• Exercise materials:

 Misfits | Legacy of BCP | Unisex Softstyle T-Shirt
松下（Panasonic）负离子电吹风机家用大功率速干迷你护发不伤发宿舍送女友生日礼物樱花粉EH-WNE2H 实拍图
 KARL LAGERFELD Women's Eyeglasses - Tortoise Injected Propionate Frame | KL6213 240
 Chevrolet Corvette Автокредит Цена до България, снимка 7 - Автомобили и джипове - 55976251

---

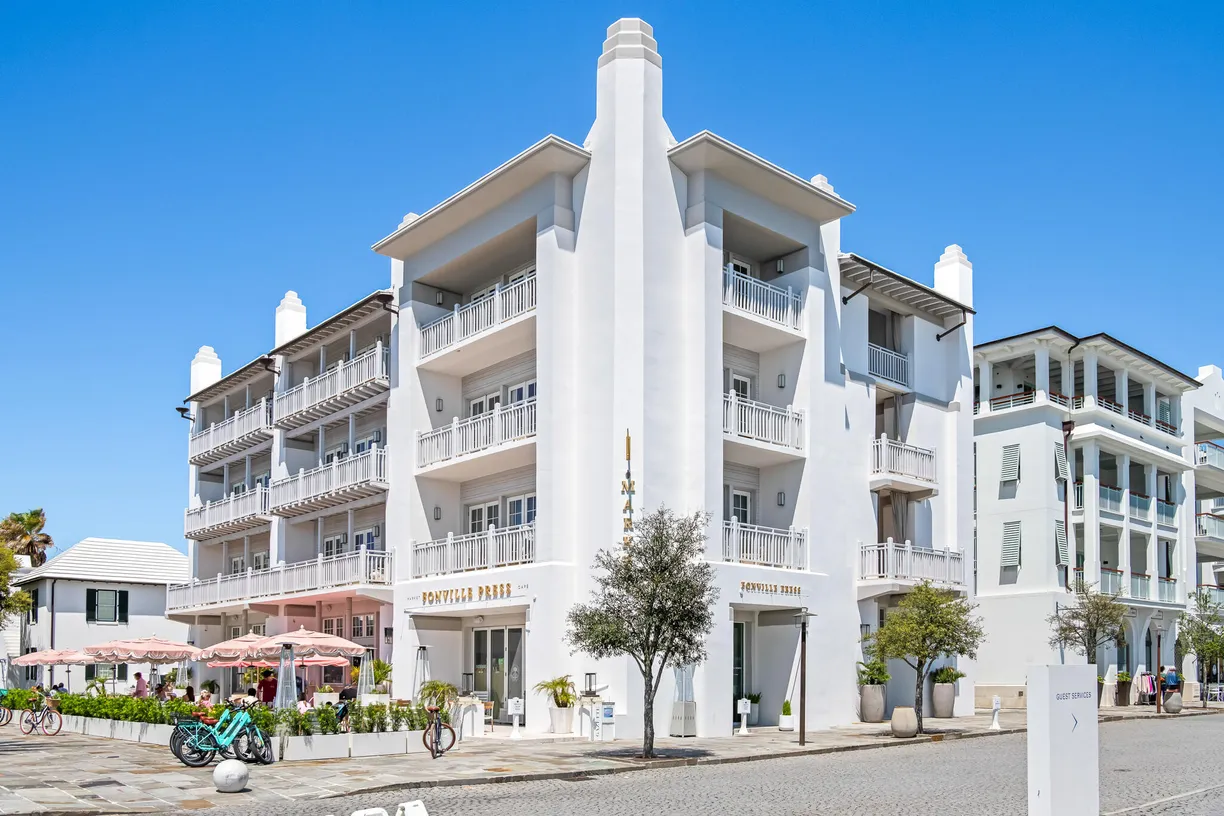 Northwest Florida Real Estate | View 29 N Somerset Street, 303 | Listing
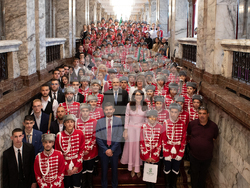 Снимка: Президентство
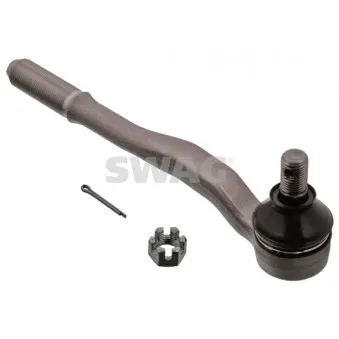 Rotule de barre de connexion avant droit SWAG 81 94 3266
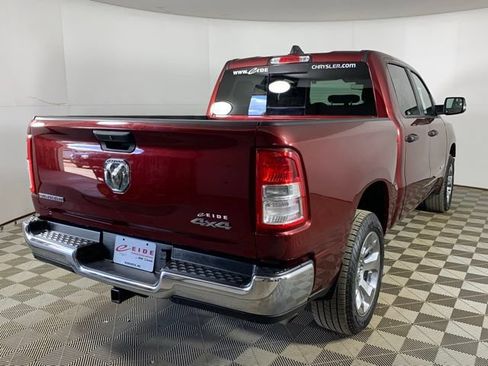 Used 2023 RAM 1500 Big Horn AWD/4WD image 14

• Task details: Copy word for word the span of the records above that begins at the line with "Rotule de barre" and ends at the line with "Used 2023 RAM 1500 Big Horn AWD/4WD image 14", including those two lines but not the pictures.

• Answer to the problem:
 Rotule de barre de connexion avant droit SWAG 81 94 3266
 Used 2023 RAM 1500 Big Horn AWD/4WD image 14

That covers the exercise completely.